Description
In KIP-441, the new HA assignor makes an informed decision about stateful task placement based on the offset sums reported by each instance. Offset sums are computed one of two ways: for assigned tasks (ie those in the TaskManager's "tasks" map), it will just sum up the tasks' changelog offsets directly. For tasks that are not assigned but whose directory remains on disk, it reads the changelog offsets from the checkpoint file. This is encoded with the subscription userdata sent during the JoinGroup phase of a rebalance.
The problem here is that it's possible for the instance to rejoin the group after having been assigned a new task, but before that task is initialized. In this case it would not compute the offset sum from the checkpoint file but instead from the uninitialized task, causing it to skip reporting any offsets for that task whatsoever.
This results in a particularly nefarious interaction between HA and cooperative rebalancing.

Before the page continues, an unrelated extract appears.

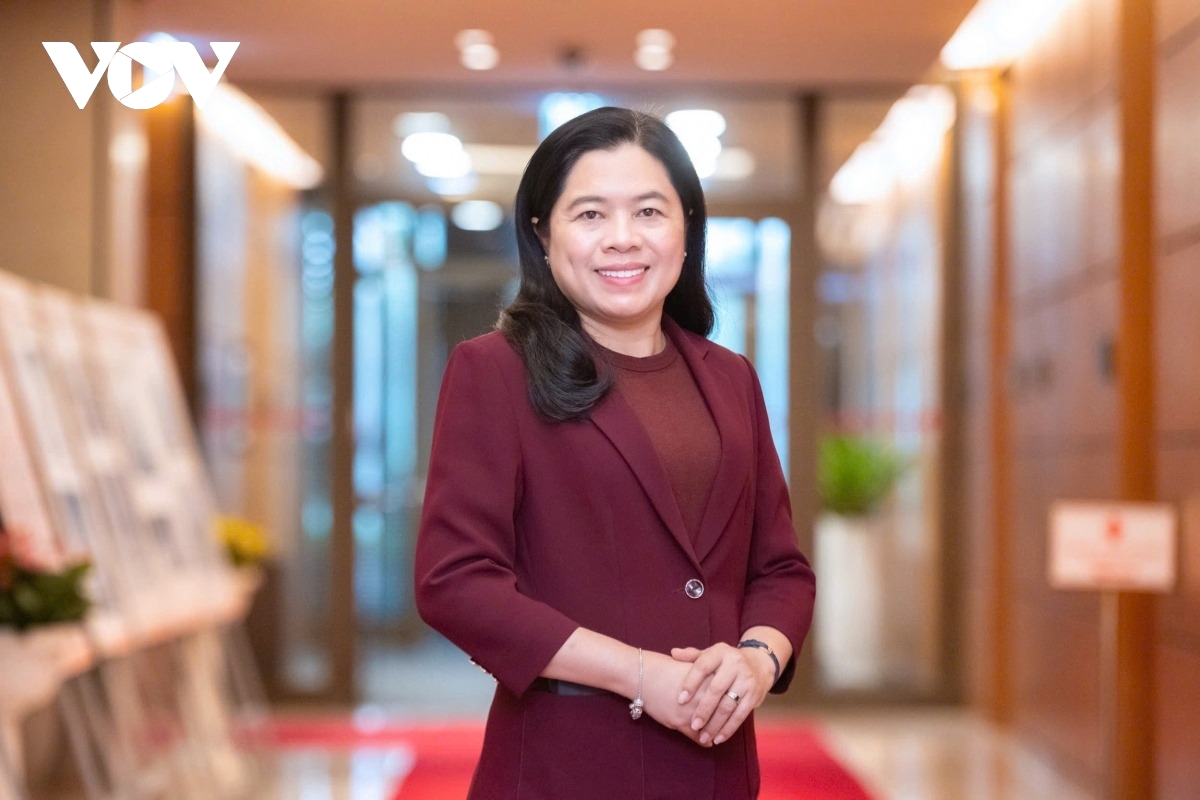 phu nu ngay cang tu tin khang dinh vai tro trong bo may lanh dao hinh anh 1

An instance may read from the checkpoint file of a caught-up (but unassigned) task and report this in its subscription, leading the assignor to compute a small lag and place this task on the instance. After placing all stateful tasks in this way, it will distribute the stateless tasks across the group to balance the overall workload. It does this without considering the previous owner of the stateless tasks, so odds are good that moving the stateful task to this instance will result in a different assortment of stateless tasks in this rebalance.

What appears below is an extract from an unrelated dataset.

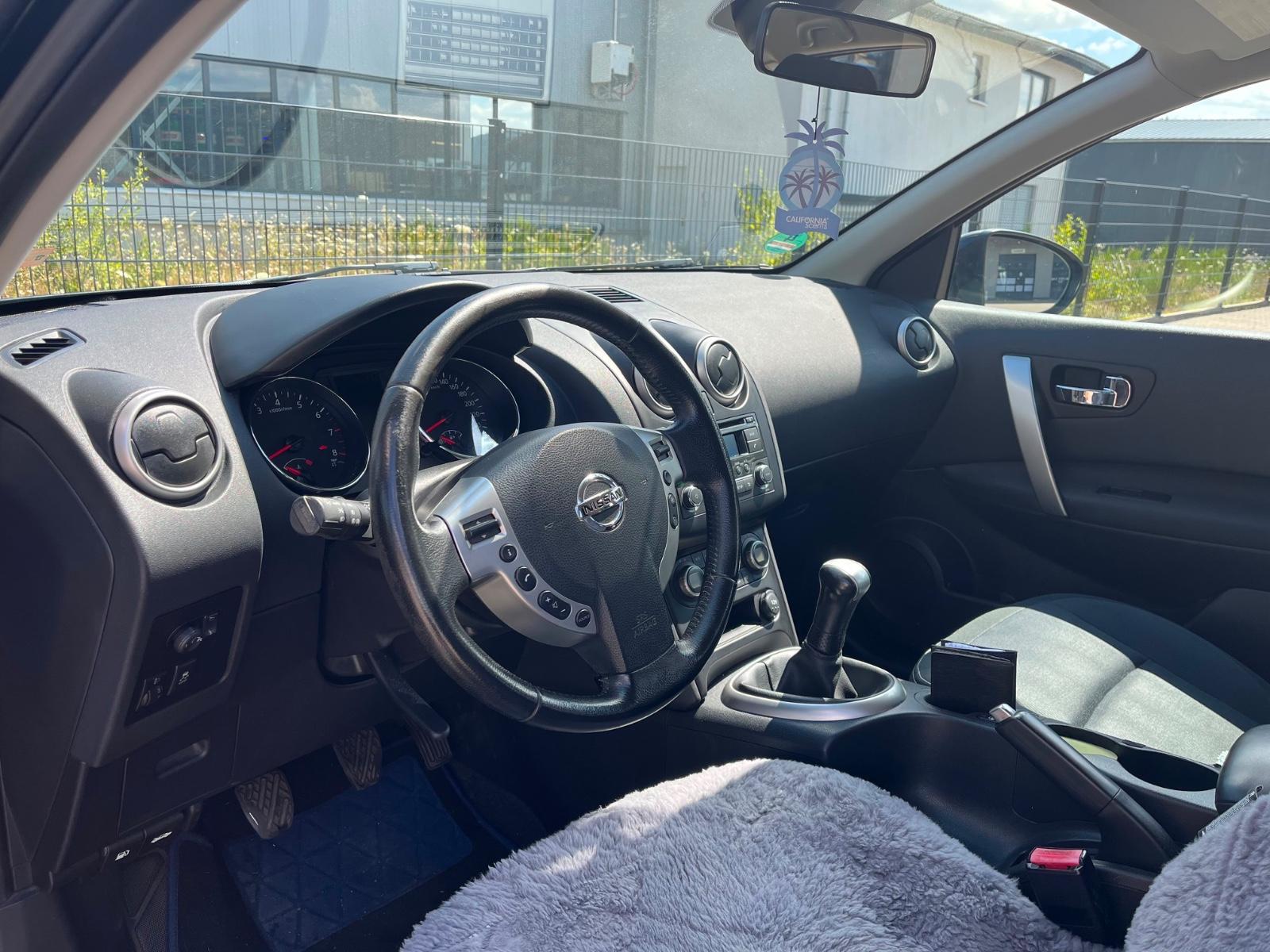 Nissan Qashqai 2011 — photo 7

Any time owned tasks are moved around, the current owner will have to revoke them and trigger a followup cooperative rebalance. Within the Consumer client, this actually happens immediately: that is, within an invocation of poll() it will loop inside joinGroupIfNeeded() as long as a rejoin is needed. And at the end of the last rebalance, if any partitions are revoked then a rejoin will indeed be needed. So the Consumer will send out it's next JoinGroup – including the userdata with computed task offset sums – without first exiting from the current poll(). Streams never gets the chance to initialize its new tasks, and ends up excluding them from the offset sums it reports in the following rebalance.

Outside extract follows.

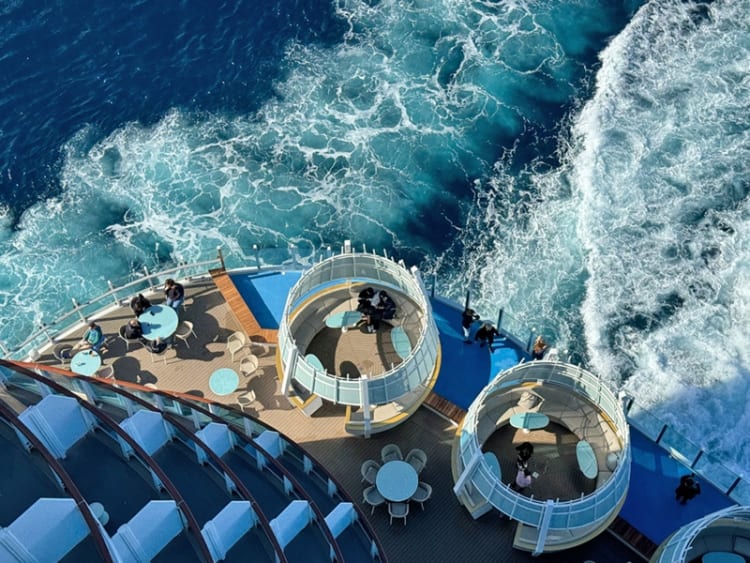 COSTA SMERALDA WITH SHORT MEDITERRANEAN 5 APRIL thmb img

And since it doesn't report any offsets for this task, the assignor now believes the instance does not have any caught up state for this task, and assigns the task elsewhere. This causes a shuffling of stateless tasks once more, which in turn results in another cooperative rebalance. This time the task is no longer assigned so the instance reports offsets based on the checkpoint file again, and we're back at the beginning.
Given the deterministic assignment, once a group is caught up in this cycle it will be impossible to escape it without manual intervention (ie deleting some or all of the task directories and forcing it to restore from scratch)